La récente pluie de récompenses pour le film de Michel Hazanavicius, en parallèle avec Hugo Cabret de Martin Scorcese qui est un hommage à Georges Méliès, est révélatrice d'un symptôme qui touche depuis plusieurs années tout le spectacle vivant : le retour en arrière, le regard vers le passé, la nostalgie portée comme critère essentiel de la création. Une sorte de Paradis perdu qu'on s'évertue à retrouver…
L'Opéra Comique, devenu théâtre de résidence de Benjamin Lazar, est l'exemple le plus parlant. Le talent du metteur en scène n'est pas à remettre en cause. Néanmoins gestique, machineries et éclairages « baroques » semblent systématiques : Il Sant'Alessio, Cadmus et Hermione, Egisto, … Le coup de génie du Bourgeois Gentilhomme est devenu, semble-t-il, la règle, puisque cette esthétique a fait des petits : résurrection du visionnaire Atys du tandem Villégier / Christie, Rinaldo de Haendel par Louise Moaty – assistante de Benjamin Lazar, … L'Opéra national de Paris n'échappe pas à la règle : la mise en scène d'Ivan Alexandre pour Hippolyte et Aricie, toute réussie qu'elle soit, fait plus appel au XVIIIe siècle qu'aux résonances contemporaines du mythe de Phèdre. Il y a vingt ans Peter Sellars défrayait la chronique en transposant Giulio Cesare pendant la première guerre d'Irak pendant qu'Alfredo Arias faisait jouer certaines entrées des Indes Galantes au Festival d'Aix dans un décor digne de Woodstock. Plus récemment Andrei Serban proposait le même opéra dans une version décalée avec la chorégraphie moderne de Blanca Li et le duo Montalvo-Hervieu traitait Rameau avec des gestes venus du hip hop. Et maintenant ? L'audace est bien loin.

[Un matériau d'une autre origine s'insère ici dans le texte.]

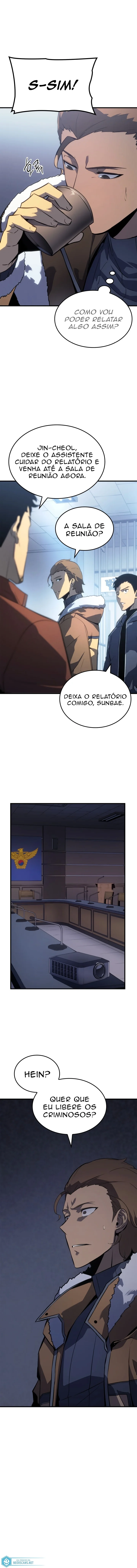 Read Solo Leveling PT-BR Manga Online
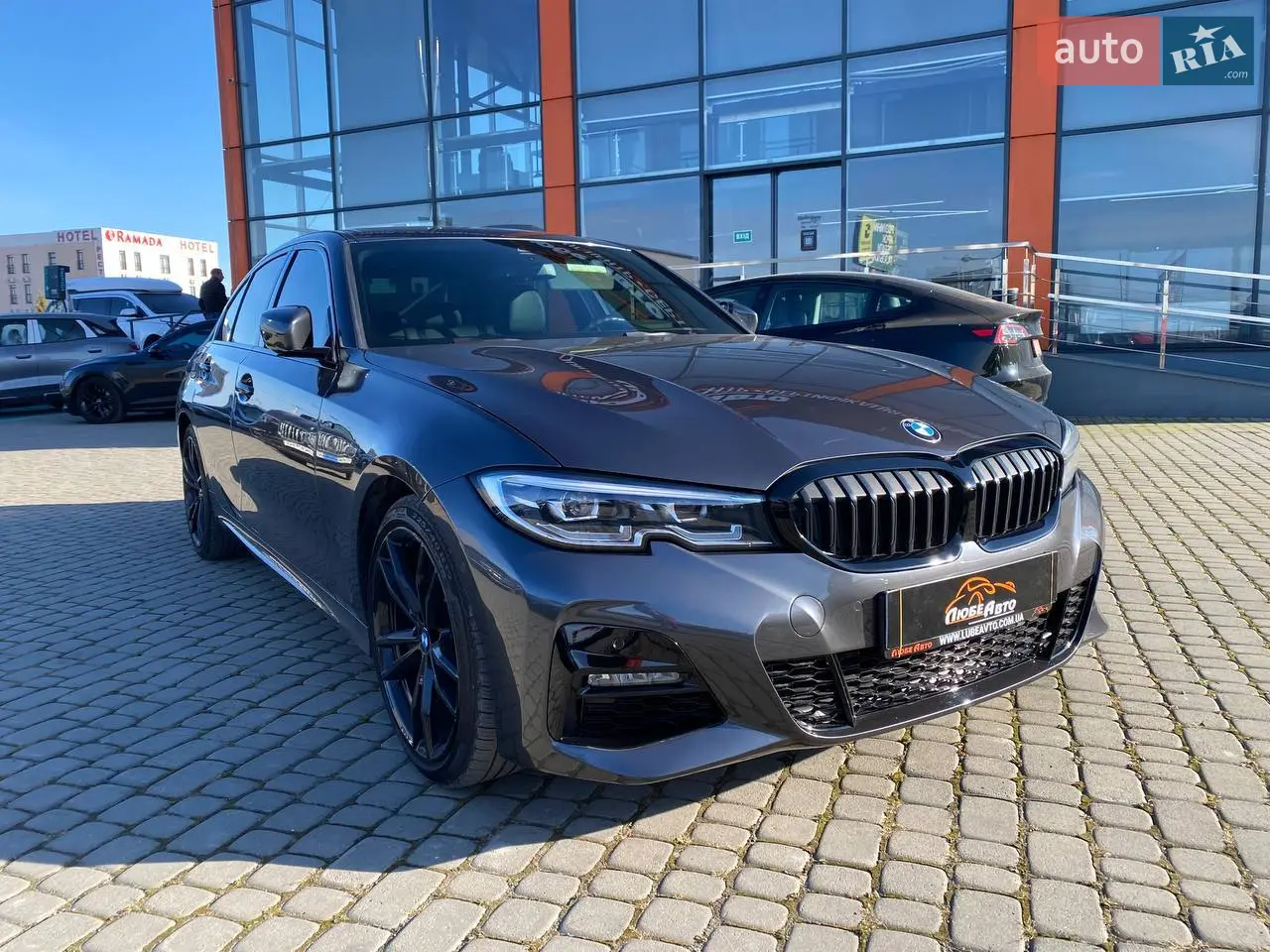 2019 BMW 3er - мініатюра 48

Depuis quelques années le repli créateur est évident, et l'avalanche de prix internationaux pour The Artist en est la preuve irréfutable. Sans faire l'apologie du modernisme, concept flou difficile à définir, on ne peut que regretter la tiédeur ambiante. Les saisons 2012/13 en France commencent à être connues, et pour l'instant aucune ne se fait remarquer par son originalité. Pour les scènes lyriques, on a ouvert le Kobbé, pour les orchestres, le dictionnaire de la musique symphonique, et pour les deux, la liste officielle des artistes à écouter en ce moment. Répertoires rebattus, artistes plus que consacrés, reconstitutions historiques lorgnant vers le passéisme… La vitalité créatrice du théâtre, malgré ses excès, avait pu enfin déteindre sur la musique classique ces dernières décennies. Nous constatons que le retour en arrière opéré depuis cinq ans est à présent bien ancré.